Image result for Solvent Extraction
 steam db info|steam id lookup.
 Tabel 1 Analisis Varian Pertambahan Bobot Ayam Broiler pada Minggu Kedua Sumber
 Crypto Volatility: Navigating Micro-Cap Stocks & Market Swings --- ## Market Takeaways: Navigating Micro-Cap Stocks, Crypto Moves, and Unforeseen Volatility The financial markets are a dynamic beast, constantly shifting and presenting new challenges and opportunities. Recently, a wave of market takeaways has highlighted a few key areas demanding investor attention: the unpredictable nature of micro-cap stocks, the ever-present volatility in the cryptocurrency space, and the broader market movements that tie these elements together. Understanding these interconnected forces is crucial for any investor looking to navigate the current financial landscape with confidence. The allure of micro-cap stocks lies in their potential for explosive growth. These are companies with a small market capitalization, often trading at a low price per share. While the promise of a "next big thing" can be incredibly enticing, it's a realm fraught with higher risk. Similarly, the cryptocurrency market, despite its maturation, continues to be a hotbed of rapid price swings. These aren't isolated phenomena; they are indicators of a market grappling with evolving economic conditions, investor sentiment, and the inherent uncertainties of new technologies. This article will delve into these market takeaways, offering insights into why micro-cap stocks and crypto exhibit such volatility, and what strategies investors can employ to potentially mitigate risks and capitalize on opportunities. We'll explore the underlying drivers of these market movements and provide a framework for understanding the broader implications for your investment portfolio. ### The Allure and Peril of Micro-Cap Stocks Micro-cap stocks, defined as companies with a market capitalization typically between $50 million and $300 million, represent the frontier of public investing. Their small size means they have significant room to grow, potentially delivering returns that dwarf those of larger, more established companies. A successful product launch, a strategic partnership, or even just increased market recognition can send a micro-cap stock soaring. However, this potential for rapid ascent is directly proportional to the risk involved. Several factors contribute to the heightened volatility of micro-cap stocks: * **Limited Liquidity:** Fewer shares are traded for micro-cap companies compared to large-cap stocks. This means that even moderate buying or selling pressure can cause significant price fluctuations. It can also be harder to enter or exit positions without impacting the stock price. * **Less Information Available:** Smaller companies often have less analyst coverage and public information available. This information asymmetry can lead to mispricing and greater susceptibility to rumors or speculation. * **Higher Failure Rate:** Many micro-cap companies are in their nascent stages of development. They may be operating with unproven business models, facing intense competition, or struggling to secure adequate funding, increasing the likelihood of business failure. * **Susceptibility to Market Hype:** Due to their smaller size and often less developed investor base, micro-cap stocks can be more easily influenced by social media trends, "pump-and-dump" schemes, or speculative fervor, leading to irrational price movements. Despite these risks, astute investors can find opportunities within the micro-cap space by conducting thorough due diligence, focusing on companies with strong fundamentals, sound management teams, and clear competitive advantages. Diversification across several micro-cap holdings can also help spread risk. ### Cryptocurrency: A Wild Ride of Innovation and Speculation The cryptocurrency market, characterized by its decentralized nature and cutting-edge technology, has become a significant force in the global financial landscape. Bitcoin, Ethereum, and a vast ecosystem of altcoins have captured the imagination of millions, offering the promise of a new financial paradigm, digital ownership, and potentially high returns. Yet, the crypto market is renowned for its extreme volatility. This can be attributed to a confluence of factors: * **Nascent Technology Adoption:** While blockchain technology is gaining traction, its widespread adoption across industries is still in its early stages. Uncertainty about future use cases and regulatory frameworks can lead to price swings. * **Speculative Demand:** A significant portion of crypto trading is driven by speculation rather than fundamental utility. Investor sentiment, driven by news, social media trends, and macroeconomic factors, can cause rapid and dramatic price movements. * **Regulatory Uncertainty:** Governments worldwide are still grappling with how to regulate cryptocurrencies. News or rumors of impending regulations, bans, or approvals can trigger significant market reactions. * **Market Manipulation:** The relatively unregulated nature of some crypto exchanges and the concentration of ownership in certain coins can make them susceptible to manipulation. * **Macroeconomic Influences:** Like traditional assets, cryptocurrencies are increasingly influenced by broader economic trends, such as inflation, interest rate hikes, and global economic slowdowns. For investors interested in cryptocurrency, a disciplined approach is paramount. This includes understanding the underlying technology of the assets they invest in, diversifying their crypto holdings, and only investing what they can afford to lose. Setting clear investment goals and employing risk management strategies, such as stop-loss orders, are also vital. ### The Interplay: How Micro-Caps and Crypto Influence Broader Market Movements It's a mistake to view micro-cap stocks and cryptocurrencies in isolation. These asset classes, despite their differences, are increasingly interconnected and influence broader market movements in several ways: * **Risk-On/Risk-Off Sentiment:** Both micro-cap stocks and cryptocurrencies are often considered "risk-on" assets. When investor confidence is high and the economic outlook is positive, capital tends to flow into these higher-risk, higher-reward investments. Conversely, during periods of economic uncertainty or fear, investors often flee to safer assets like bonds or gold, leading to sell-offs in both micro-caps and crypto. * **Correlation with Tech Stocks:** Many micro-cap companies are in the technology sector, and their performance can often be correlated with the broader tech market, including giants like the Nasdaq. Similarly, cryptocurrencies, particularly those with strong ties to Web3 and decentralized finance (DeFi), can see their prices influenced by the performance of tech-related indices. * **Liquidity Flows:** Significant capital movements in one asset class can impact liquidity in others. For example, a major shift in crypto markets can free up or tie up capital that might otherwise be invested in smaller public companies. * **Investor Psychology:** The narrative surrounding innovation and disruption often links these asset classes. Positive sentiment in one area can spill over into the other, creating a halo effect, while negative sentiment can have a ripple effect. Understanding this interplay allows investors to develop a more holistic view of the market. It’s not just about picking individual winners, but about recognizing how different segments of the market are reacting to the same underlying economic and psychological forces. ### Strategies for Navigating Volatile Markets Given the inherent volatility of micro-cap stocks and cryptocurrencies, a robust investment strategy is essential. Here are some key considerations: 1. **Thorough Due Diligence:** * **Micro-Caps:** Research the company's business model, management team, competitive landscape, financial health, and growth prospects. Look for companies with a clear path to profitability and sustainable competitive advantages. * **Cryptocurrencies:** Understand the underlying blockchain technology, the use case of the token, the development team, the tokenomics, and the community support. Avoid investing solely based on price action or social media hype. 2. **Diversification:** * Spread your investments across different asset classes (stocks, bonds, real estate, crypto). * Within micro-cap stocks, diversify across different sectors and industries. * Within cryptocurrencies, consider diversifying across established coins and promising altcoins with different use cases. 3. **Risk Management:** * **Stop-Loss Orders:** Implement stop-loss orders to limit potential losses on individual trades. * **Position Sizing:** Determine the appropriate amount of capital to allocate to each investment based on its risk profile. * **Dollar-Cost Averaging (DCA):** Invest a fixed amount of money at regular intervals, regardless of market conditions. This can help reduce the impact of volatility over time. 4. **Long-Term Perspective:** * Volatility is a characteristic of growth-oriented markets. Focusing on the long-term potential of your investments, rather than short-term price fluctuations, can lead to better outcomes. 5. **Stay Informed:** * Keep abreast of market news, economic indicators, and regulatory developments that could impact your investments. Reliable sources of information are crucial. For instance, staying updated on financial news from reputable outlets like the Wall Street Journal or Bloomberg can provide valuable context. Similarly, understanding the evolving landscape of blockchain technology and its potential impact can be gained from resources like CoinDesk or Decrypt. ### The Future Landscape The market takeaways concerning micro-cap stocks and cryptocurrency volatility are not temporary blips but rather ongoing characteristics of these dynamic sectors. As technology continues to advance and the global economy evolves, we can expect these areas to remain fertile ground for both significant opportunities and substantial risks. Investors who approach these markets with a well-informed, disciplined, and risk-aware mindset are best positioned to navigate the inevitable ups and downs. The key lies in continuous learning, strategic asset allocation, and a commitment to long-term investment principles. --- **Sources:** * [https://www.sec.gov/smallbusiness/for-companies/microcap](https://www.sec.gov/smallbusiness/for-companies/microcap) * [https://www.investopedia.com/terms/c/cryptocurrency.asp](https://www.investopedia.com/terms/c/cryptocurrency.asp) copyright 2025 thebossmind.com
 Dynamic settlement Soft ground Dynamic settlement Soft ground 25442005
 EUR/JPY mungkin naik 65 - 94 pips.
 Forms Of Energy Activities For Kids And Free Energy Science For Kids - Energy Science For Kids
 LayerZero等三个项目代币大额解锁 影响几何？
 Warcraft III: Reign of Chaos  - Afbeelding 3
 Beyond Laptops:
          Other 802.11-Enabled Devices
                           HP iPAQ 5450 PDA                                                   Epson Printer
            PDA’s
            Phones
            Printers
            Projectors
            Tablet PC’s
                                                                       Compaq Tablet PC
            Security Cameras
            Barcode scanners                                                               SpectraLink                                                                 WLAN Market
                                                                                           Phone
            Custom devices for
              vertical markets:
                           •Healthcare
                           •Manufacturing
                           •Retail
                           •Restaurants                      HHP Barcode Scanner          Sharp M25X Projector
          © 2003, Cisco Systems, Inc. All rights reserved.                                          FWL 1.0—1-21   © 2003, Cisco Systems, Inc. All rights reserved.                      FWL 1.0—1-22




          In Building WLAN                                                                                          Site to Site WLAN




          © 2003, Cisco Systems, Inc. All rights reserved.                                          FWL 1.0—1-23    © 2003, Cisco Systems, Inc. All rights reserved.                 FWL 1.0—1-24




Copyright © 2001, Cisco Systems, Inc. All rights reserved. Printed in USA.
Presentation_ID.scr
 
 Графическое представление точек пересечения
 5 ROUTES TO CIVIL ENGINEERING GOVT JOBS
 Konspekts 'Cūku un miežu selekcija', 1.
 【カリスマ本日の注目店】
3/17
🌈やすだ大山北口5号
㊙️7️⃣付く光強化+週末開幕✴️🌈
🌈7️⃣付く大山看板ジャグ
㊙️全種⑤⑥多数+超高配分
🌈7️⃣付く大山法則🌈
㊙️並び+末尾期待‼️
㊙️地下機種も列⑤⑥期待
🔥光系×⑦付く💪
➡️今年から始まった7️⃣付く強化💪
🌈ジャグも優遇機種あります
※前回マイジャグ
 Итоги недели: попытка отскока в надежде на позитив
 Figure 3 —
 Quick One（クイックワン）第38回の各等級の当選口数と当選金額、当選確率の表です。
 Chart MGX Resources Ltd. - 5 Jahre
+ + + + + + +
Exercise:
Please copy every line of the records above in which "Barcode" appears.

Result:
            Barcode scanners                                                               SpectraLink                                                                 WLAN Market
                           •Restaurants                      HHP Barcode Scanner          Sharp M25X Projector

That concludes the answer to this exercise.